(Web page caption snippets)
- Opening Delimiter -
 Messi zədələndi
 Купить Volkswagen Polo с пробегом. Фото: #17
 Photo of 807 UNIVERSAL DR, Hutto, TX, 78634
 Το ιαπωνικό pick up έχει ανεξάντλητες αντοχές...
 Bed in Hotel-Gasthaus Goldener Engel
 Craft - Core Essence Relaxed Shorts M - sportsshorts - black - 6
- Closing Delimiter -
- Opening Delimiter -
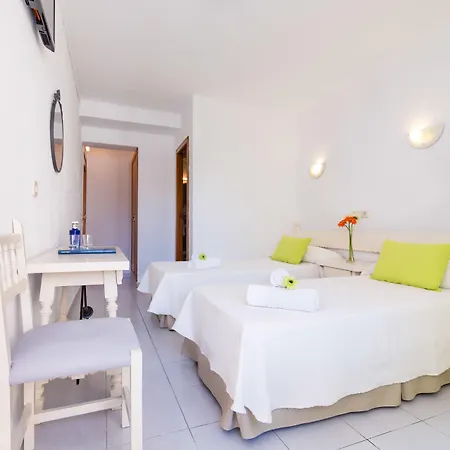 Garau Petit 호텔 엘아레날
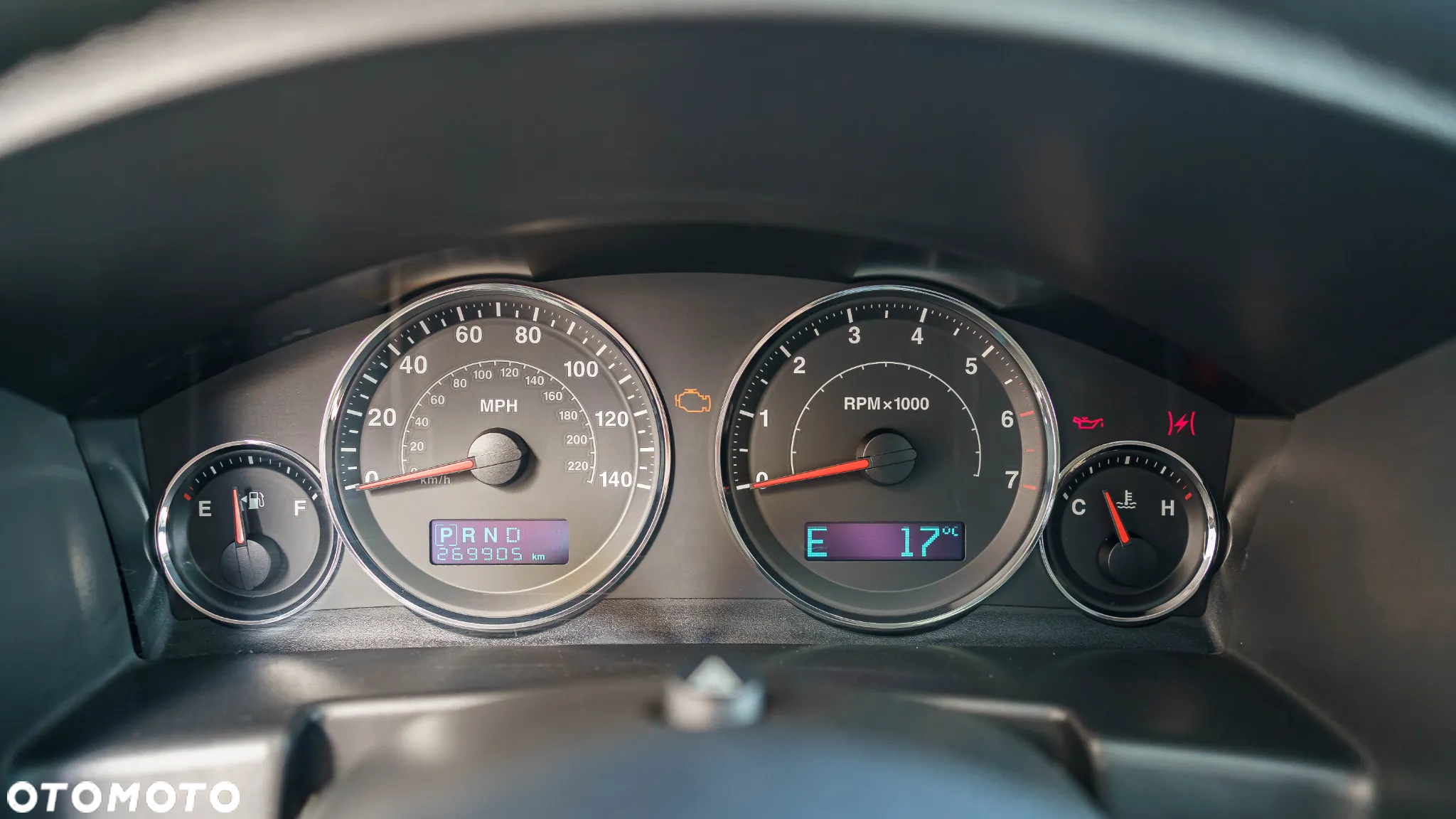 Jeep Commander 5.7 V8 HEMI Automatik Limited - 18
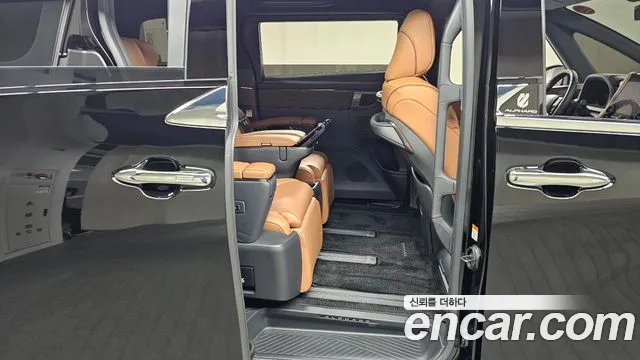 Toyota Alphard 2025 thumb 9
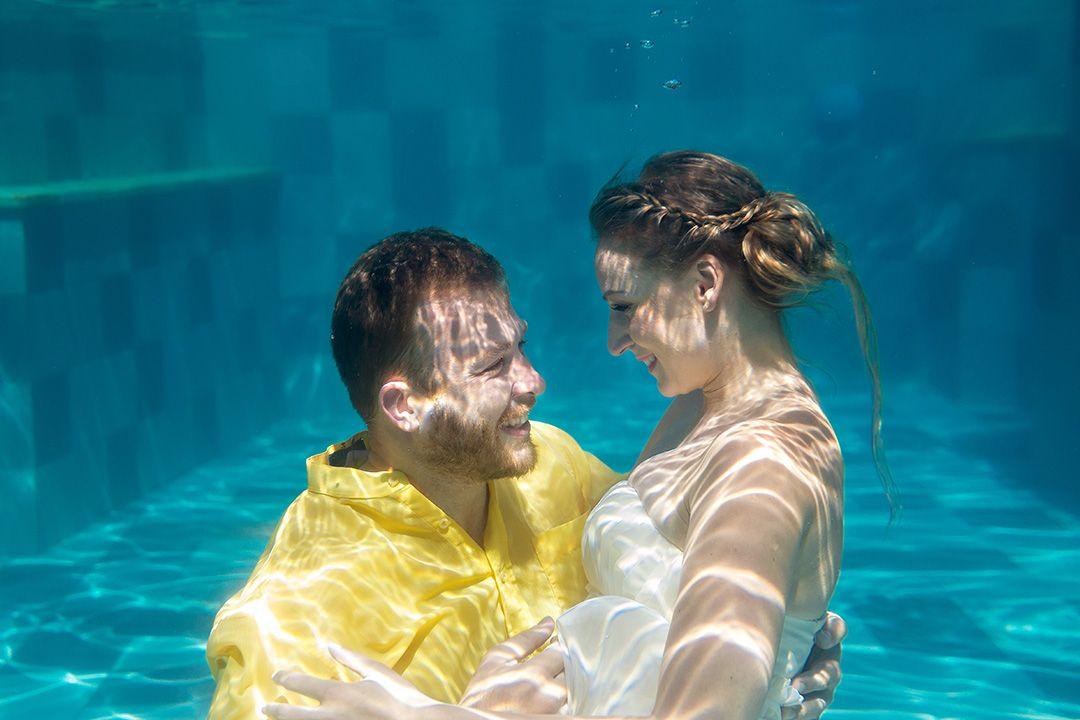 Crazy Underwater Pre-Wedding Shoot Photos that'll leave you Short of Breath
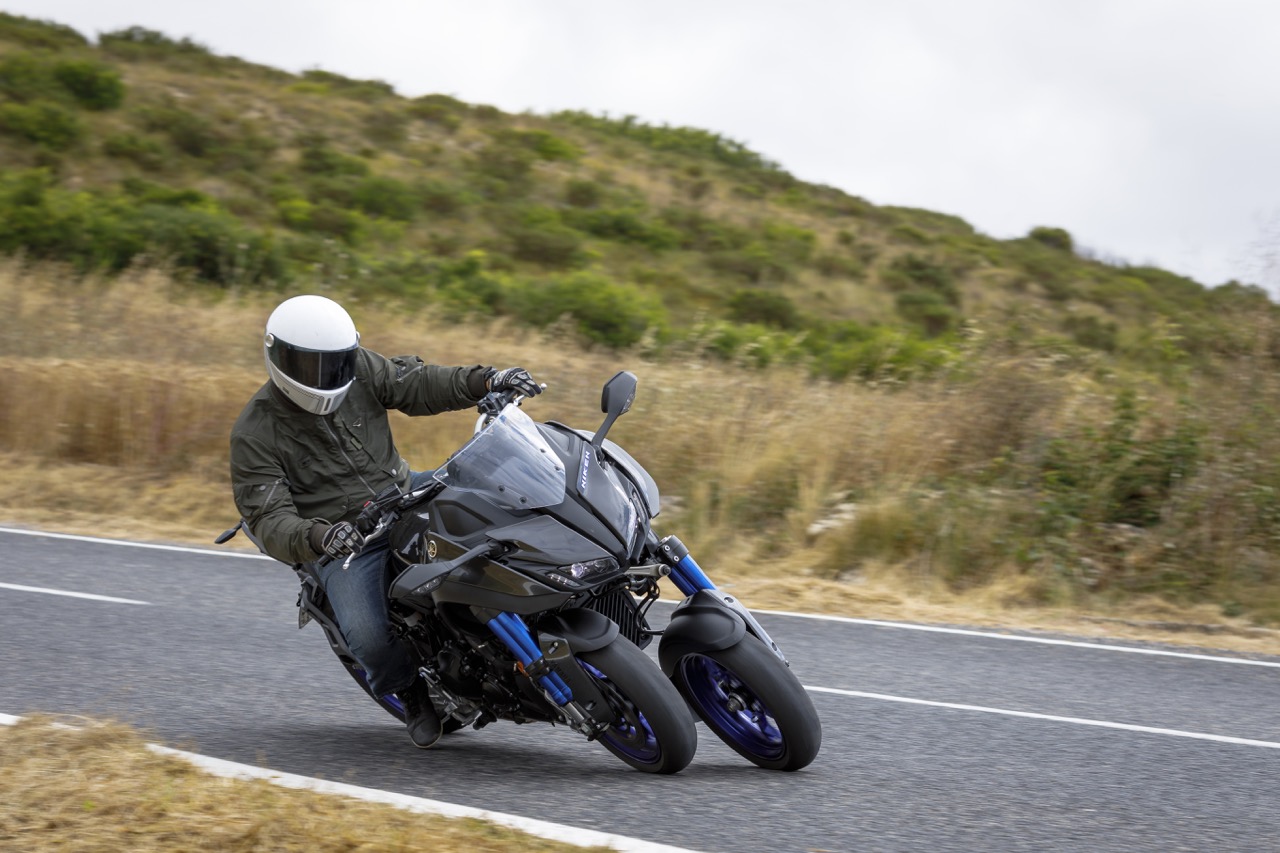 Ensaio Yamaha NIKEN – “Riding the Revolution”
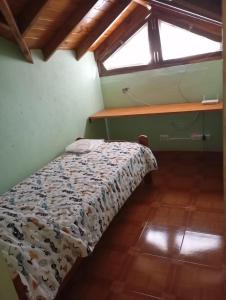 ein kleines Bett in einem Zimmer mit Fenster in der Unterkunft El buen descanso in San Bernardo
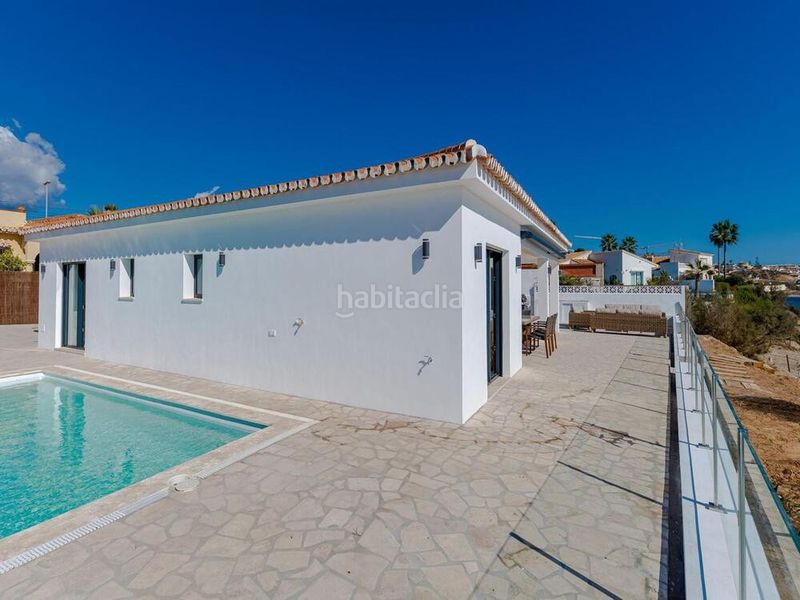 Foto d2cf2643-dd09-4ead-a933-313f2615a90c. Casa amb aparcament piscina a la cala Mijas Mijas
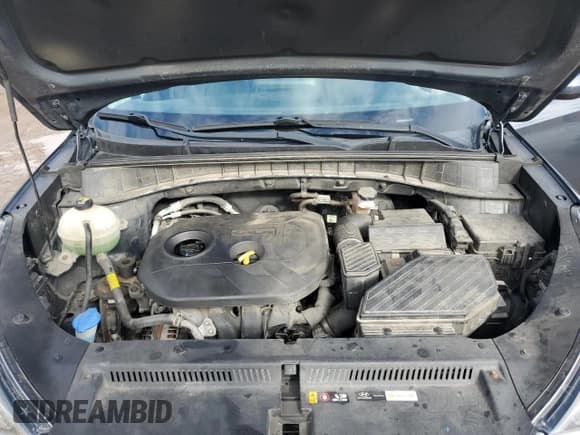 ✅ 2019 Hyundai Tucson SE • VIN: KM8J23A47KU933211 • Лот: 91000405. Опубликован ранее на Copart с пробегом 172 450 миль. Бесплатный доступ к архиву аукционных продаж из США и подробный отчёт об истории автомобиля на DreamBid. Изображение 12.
- Closing Delimiter -
- Opening Delimiter -
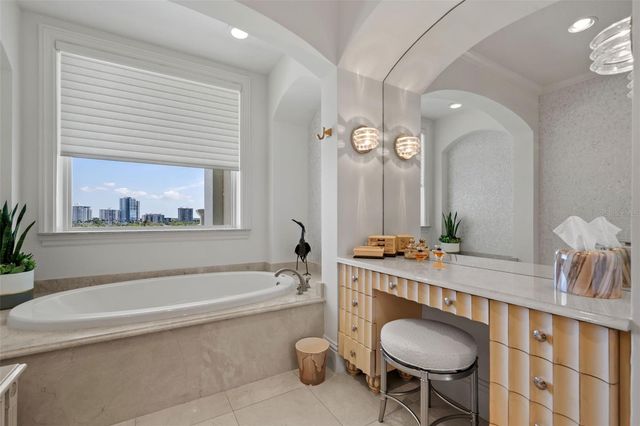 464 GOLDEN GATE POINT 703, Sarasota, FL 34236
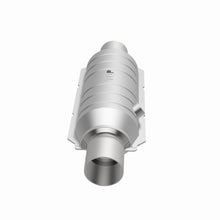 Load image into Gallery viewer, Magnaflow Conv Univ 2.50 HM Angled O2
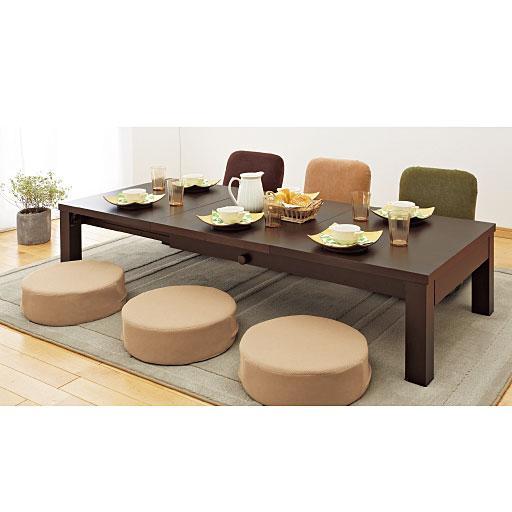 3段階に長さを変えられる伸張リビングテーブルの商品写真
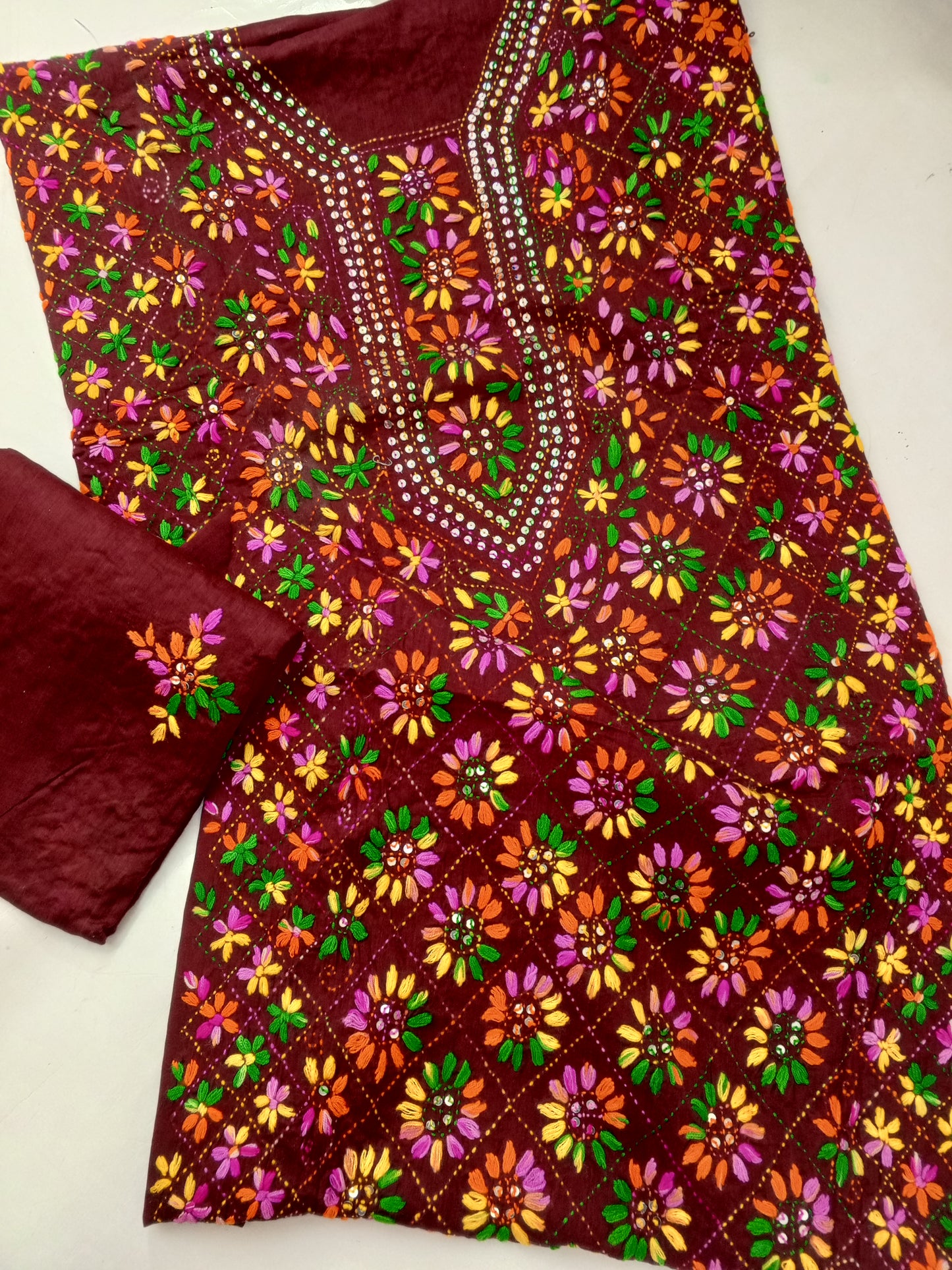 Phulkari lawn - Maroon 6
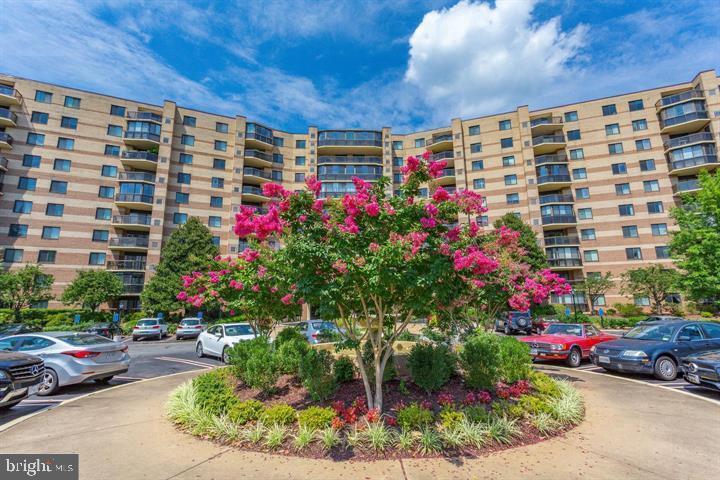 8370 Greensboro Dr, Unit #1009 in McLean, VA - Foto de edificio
- Closing Delimiter -
:: TASK BRIEF ::
When you reach the line containing "Phulkari lawn - Maroon 6" in the entries above, begin restating word for word, and stop once the line containing "8370 Greensboro Dr, Unit" has been given. Omit the pictures.

:: ANSWER TO THIS PROBLEM ::
 Phulkari lawn - Maroon 6
 8370 Greensboro Dr, Unit #1009 in McLean, VA - Foto de edificio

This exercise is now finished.